DATA BLOCK:
-------

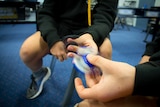 Fidget spinner in hands of children sitting in classroom.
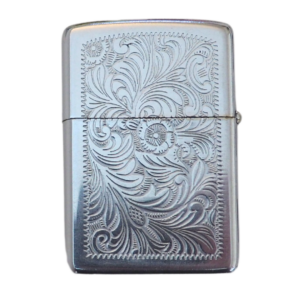 A silver zippo lighter with a floral design.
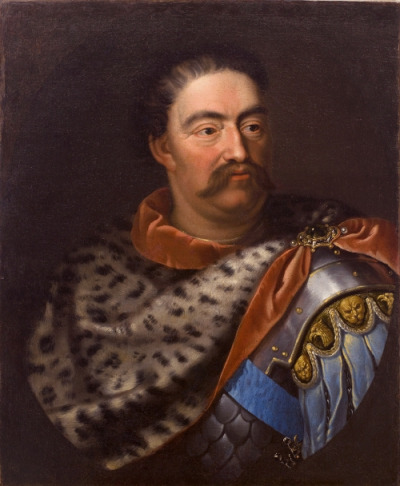 Portret Jana III Sobieskiego w skórze lamparciej. Król sportretowany został w karacenie, spod której spływają pteryges (dekoracyny pas skóry lub tkaniny) zdobione naprzemiennie metalowymi lwimi maskami i głowami polskich orłów heraldycznych.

-------

WORK REQUIRED: Give back the whole listing exactly, without pictures.

ANSWER:
 Fidget spinner in hands of children sitting in classroom.
 A silver zippo lighter with a floral design.
 Portret Jana III Sobieskiego w skórze lamparciej. Król sportretowany został w karacenie, spod której spływają pteryges (dekoracyny pas skóry lub tkaniny) zdobione naprzemiennie metalowymi lwimi maskami i głowami polskich orłów heraldycznych.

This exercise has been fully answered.